WHAT YOU HAVE TO DO: For the entries below, print exactly the lines between the line holding "Elaf Turquoise Net" and the line holding "Casual Dresses Y2K", inclusive, and nothing else.

Web page caption snippets
*** Block opens ***

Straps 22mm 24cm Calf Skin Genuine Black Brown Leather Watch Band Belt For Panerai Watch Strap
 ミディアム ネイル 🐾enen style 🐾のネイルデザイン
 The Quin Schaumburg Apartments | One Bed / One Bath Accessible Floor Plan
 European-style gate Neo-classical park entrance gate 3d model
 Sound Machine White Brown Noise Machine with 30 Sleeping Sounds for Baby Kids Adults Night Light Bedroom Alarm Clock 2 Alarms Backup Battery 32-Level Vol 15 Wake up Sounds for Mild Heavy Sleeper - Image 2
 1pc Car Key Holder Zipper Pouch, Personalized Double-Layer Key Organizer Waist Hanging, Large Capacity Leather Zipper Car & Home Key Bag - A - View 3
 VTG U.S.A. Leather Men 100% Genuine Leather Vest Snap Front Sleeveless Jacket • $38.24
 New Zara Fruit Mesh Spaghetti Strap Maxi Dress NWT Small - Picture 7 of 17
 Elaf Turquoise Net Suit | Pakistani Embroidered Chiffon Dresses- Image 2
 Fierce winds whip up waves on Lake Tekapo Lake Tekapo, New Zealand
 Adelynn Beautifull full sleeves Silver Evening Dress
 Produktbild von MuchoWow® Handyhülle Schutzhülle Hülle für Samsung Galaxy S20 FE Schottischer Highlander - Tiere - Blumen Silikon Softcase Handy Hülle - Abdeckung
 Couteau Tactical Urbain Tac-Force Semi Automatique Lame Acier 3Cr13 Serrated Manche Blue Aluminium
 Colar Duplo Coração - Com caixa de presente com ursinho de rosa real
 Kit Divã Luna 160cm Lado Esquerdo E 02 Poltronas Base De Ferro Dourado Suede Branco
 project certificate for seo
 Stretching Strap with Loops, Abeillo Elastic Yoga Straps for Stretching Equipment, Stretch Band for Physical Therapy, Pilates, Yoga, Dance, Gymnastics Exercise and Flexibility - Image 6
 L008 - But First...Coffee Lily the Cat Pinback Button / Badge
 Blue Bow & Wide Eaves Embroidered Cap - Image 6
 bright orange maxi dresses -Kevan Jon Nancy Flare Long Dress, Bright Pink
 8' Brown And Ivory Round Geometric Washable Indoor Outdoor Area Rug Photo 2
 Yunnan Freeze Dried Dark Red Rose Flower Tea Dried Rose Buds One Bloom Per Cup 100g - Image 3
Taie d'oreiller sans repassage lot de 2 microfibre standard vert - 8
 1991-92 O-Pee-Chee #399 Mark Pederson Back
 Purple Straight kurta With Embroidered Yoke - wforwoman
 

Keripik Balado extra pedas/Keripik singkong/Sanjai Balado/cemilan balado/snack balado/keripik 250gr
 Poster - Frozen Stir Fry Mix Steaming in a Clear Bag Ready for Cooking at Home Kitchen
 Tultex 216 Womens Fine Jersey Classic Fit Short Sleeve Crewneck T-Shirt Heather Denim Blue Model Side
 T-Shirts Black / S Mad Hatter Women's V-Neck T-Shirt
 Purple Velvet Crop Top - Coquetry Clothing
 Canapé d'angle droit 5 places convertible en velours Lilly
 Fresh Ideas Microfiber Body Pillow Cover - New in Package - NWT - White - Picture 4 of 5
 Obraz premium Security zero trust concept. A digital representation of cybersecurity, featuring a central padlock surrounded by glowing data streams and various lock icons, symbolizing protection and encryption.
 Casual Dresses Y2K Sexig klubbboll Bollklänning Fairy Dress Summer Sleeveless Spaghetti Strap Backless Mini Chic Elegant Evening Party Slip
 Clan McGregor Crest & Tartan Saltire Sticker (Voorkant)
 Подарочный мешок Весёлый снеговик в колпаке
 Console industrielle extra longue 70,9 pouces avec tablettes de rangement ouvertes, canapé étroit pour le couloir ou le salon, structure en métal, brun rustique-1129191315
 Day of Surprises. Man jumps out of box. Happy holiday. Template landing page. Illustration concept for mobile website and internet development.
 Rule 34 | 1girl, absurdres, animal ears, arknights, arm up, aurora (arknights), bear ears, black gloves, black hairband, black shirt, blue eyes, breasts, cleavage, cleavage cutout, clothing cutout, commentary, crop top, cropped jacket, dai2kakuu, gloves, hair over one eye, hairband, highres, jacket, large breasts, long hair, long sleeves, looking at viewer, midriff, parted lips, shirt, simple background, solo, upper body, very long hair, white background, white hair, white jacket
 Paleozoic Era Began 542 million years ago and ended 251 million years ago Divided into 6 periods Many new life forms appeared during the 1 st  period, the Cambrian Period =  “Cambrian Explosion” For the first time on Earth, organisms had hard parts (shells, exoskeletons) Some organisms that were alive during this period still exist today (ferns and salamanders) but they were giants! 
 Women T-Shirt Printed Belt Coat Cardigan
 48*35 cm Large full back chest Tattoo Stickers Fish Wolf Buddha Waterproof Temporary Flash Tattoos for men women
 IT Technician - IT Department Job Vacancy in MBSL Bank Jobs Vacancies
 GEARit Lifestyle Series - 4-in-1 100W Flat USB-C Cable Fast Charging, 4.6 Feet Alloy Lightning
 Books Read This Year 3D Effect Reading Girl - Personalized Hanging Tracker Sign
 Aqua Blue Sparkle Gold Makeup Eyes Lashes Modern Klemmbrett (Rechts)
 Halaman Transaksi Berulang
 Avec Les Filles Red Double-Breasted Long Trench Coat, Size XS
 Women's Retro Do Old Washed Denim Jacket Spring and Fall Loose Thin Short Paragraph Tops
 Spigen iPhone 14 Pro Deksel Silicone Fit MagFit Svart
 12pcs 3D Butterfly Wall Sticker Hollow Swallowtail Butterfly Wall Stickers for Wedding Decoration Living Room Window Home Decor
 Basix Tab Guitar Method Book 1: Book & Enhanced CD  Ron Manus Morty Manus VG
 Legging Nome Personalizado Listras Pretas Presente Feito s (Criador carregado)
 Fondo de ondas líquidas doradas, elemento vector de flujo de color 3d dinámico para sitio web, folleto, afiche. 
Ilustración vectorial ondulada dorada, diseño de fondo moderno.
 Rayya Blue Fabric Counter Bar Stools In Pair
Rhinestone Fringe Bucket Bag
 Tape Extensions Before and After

*** Block closes ***

RESULT OF THE EXERCISE:
 Elaf Turquoise Net Suit | Pakistani Embroidered Chiffon Dresses- Image 2
 Fierce winds whip up waves on Lake Tekapo Lake Tekapo, New Zealand
 Adelynn Beautifull full sleeves Silver Evening Dress
 Produktbild von MuchoWow® Handyhülle Schutzhülle Hülle für Samsung Galaxy S20 FE Schottischer Highlander - Tiere - Blumen Silikon Softcase Handy Hülle - Abdeckung
 Couteau Tactical Urbain Tac-Force Semi Automatique Lame Acier 3Cr13 Serrated Manche Blue Aluminium
 Colar Duplo Coração - Com caixa de presente com ursinho de rosa real
 Kit Divã Luna 160cm Lado Esquerdo E 02 Poltronas Base De Ferro Dourado Suede Branco
 project certificate for seo
 Stretching Strap with Loops, Abeillo Elastic Yoga Straps for Stretching Equipment, Stretch Band for Physical Therapy, Pilates, Yoga, Dance, Gymnastics Exercise and Flexibility - Image 6
 L008 - But First...Coffee Lily the Cat Pinback Button / Badge
 Blue Bow & Wide Eaves Embroidered Cap - Image 6
 bright orange maxi dresses -Kevan Jon Nancy Flare Long Dress, Bright Pink
 8' Brown And Ivory Round Geometric Washable Indoor Outdoor Area Rug Photo 2
 Yunnan Freeze Dried Dark Red Rose Flower Tea Dried Rose Buds One Bloom Per Cup 100g - Image 3
Taie d'oreiller sans repassage lot de 2 microfibre standard vert - 8
 1991-92 O-Pee-Chee #399 Mark Pederson Back
 Purple Straight kurta With Embroidered Yoke - wforwoman
 

Keripik Balado extra pedas/Keripik singkong/Sanjai Balado/cemilan balado/snack balado/keripik 250gr
 Poster - Frozen Stir Fry Mix Steaming in a Clear Bag Ready for Cooking at Home Kitchen
 Tultex 216 Womens Fine Jersey Classic Fit Short Sleeve Crewneck T-Shirt Heather Denim Blue Model Side
 T-Shirts Black / S Mad Hatter Women's V-Neck T-Shirt
 Purple Velvet Crop Top - Coquetry Clothing
 Canapé d'angle droit 5 places convertible en velours Lilly
 Fresh Ideas Microfiber Body Pillow Cover - New in Package - NWT - White - Picture 4 of 5
 Obraz premium Security zero trust concept. A digital representation of cybersecurity, featuring a central padlock surrounded by glowing data streams and various lock icons, symbolizing protection and encryption.
 Casual Dresses Y2K Sexig klubbboll Bollklänning Fairy Dress Summer Sleeveless Spaghetti Strap Backless Mini Chic Elegant Evening Party Slip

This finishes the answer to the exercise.